• [Task description]: Lines from the material below that hold the string "Новое" are what is needed; copy each of them.

• [Data records]:
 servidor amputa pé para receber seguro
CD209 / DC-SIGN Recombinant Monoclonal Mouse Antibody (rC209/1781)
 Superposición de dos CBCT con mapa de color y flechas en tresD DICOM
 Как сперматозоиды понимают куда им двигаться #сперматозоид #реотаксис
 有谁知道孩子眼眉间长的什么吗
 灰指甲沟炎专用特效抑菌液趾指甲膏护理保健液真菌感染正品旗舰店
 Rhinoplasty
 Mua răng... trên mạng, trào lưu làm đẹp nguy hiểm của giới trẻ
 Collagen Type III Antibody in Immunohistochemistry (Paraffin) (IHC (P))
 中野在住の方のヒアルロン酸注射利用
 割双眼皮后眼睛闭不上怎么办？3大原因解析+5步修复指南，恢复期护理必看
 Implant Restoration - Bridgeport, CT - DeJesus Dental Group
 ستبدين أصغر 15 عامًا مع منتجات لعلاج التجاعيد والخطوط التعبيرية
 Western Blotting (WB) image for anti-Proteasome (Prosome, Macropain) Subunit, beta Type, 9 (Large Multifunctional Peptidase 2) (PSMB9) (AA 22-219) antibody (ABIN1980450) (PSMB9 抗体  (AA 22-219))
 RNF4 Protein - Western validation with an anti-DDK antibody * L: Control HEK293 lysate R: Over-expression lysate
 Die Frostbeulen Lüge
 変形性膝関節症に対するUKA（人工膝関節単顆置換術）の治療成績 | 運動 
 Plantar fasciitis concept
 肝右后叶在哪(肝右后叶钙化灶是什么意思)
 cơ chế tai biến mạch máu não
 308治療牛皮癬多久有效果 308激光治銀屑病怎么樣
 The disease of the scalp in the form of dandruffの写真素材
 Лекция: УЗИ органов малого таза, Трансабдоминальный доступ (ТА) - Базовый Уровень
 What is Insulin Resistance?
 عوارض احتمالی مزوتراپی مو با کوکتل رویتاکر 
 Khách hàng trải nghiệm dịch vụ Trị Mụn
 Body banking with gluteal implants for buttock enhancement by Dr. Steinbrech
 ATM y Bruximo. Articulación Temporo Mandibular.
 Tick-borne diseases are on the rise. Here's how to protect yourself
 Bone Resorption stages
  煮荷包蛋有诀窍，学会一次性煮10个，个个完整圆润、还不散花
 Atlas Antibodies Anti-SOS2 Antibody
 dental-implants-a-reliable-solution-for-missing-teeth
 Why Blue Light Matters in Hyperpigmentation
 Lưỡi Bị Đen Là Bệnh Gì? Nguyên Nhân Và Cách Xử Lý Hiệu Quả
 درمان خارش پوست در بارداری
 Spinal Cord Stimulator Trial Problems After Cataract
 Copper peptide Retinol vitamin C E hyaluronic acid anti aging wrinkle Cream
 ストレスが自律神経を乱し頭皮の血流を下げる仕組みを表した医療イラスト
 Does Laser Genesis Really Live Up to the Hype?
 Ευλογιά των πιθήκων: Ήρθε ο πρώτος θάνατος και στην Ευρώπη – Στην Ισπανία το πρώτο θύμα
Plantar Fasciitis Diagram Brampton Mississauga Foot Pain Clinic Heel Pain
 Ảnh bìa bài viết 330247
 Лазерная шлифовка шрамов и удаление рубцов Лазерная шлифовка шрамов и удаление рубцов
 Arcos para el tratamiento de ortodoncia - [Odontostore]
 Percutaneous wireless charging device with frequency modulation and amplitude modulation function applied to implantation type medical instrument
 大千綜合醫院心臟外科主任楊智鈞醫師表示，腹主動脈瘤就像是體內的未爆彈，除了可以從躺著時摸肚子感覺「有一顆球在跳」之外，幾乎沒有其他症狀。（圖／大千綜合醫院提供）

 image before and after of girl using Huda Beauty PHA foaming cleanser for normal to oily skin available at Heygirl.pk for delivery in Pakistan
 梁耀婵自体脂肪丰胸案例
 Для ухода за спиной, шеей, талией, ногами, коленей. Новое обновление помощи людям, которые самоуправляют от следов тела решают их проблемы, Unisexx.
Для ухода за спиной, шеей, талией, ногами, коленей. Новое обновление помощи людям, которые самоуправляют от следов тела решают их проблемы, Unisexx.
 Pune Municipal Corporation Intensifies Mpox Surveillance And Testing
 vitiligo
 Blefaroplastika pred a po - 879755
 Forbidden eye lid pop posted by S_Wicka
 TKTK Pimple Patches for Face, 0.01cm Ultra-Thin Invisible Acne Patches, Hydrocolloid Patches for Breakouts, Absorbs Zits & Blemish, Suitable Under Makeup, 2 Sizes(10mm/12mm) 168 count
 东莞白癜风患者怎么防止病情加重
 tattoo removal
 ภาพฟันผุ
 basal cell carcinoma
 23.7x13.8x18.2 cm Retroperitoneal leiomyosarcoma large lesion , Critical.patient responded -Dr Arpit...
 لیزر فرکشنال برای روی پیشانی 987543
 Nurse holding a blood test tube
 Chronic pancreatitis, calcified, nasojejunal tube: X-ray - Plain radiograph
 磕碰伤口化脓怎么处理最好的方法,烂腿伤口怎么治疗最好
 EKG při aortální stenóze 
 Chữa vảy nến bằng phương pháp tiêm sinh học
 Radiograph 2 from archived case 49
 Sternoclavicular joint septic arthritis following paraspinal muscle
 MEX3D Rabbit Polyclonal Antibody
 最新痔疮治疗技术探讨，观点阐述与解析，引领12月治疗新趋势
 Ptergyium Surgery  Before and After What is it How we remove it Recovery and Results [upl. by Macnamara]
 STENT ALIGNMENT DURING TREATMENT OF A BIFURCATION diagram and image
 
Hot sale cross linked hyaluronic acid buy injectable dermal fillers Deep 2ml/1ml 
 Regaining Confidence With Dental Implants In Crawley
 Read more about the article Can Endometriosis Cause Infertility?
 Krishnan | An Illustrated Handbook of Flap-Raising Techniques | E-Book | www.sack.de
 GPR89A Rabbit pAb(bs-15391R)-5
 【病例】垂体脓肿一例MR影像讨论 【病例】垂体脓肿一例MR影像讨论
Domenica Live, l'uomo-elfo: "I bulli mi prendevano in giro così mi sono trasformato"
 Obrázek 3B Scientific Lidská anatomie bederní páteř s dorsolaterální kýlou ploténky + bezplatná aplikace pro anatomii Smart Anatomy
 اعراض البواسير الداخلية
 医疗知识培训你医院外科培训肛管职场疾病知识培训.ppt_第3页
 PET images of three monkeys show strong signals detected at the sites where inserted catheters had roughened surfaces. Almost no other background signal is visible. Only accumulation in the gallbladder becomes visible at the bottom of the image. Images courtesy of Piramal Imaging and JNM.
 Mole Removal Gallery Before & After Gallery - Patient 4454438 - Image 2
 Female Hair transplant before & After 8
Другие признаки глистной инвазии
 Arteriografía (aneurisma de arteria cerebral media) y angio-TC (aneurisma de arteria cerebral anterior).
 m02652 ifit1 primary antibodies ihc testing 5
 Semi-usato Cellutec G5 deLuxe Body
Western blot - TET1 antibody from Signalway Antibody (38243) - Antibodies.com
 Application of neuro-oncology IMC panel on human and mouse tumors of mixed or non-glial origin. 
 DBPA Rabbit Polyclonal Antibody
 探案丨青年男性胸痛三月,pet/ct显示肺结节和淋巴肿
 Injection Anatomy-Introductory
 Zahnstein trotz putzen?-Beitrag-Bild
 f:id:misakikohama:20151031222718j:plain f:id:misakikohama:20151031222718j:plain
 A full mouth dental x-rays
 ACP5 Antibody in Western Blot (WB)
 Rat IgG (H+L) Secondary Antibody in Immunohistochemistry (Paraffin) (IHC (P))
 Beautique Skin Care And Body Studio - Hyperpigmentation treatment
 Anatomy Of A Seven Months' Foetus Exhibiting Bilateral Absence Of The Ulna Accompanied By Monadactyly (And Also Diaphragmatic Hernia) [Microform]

• [Response box]:
 Для ухода за спиной, шеей, талией, ногами, коленей. Новое обновление помощи людям, которые самоуправляют от следов тела решают их проблемы, Unisexx.
Для ухода за спиной, шеей, талией, ногами, коленей. Новое обновление помощи людям, которые самоуправляют от следов тела решают их проблемы, Unisexx.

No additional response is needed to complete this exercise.